FA Pro in Python/Django projects - Security concerns of token being versioned as part of requirements.txt or poetry configuration because the of the FA token being part of the URL as opposed to using Basic authentication or the likes

[devraj]

I am using FontAwesome Pro in a Python project. I started configuring it using the guide published here and adapting it to using poetry. In principle my project is a Django project running in a container. My broad outlines for security and streamlined deployments are as follows:

• Use poetry to install fontawesome and configuring it as described in the guide
• Pass the token as an environment variable to the container

Assuming my token is in the environment variable FONT_AWESOME_TOKEN from what I can tell, the security model for the private reposistory is that the token (which is part of the URL) is dynamically queried for validity i.e

https://dl.fontawesome.com/$FONT_AWESOME_TOKEN/fontawesome-pro/python/simple/

will resolve and render a list of wheels if the FONT_AWESOME_TOKEN is currently valid (I have tested this and it works as expected).

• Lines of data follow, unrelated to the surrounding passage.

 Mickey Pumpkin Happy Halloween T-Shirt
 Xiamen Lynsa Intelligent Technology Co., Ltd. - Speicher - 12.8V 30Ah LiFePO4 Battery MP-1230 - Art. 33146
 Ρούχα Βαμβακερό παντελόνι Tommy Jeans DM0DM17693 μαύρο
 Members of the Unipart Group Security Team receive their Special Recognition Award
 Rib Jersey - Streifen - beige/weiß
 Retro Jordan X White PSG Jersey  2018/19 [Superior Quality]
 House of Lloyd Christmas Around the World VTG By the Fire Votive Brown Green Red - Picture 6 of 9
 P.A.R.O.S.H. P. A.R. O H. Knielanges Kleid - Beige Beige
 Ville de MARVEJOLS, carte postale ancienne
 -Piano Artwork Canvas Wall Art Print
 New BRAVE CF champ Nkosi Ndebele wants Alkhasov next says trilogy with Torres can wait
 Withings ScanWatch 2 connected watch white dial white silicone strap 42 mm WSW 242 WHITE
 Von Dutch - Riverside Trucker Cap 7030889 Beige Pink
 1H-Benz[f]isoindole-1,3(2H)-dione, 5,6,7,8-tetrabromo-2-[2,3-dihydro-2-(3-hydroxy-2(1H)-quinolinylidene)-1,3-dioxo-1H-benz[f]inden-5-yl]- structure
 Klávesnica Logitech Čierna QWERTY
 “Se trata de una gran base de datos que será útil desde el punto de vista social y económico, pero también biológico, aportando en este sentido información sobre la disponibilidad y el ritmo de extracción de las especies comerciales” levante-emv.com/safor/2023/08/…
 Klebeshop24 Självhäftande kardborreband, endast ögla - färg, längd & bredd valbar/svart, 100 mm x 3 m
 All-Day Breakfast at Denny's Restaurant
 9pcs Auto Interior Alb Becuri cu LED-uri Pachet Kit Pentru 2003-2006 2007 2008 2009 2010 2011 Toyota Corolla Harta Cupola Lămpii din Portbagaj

In both instances I can't really find a way around not versioning the token into the repostiory (which is not ideal at all). From what I understand this is primarily because the authentication of private repositories is handled via Basic authentication and not a token that is part of the URL (which makes sense).

Using requirements.txt

Typically requirements.txt would be versioned into the repository of the project, and it's quite typical to use this is for the build process. According to the recommendation way we should provide the token as part of the url as the value to the --extra-index-url parameter.

Using poetry

You would typically add a source for a private repository e.g

poetry source add --priority=primary fontawesome https://dl.fontawesome.com/$FONT_AWESOME_TOKEN/fontawesome-pro/python/simple/

In the above example the FONT_AWESOME_TOKEN would be resovled from the environment variable and the pyproject.toml file would have a section appended with the value of the token placed inline

[[tool.poetry.source]]
name = "fontawesome"
url = "https://dl.fontawesome.com/ACTUAL_TOKEN_VALUE/fontawesome-pro/python/simple/"
priority = "primary"

following this you can install fontawesomepro via poetry add fontawesomepro and all works well.

In the case of poetry I am still exploring if add repository to the configuration is a solution:

poetry config repositories.fontawesome https://dl.fontawesome.com/$FONT_AWESOME_TOKEN/fontawesome-pro/python/simple

This obviosly add the URL to the configuration and since it's a command I could in theory inject this as part of the build process for the container (and thus not have to version the token). The configuration also allows for setting http-basic authentication via:

poetry config http-basic.fontawesome <your-fontawesome-username> $FONT_AWESOME_TOKEN

I have not been able to get basic authentication working with the FA private repositories

Questions

I wanted to reach out and see if there's anyone else that is using FA Pro and is able to securely provide the token to the project without versioning it.

Is there another package manager that works better at this in the Python world (not that I really want to switch a package manager at the moment).

Have I missed something completely in terms of being able to dynamically inject the token in requirements.txt or poetry?

Appreciate you taking the time to read.

I could get the wheel files and keep it in a private location of our own (web server etc) and work around the security requirements of poetry, would this break the license terms of FA?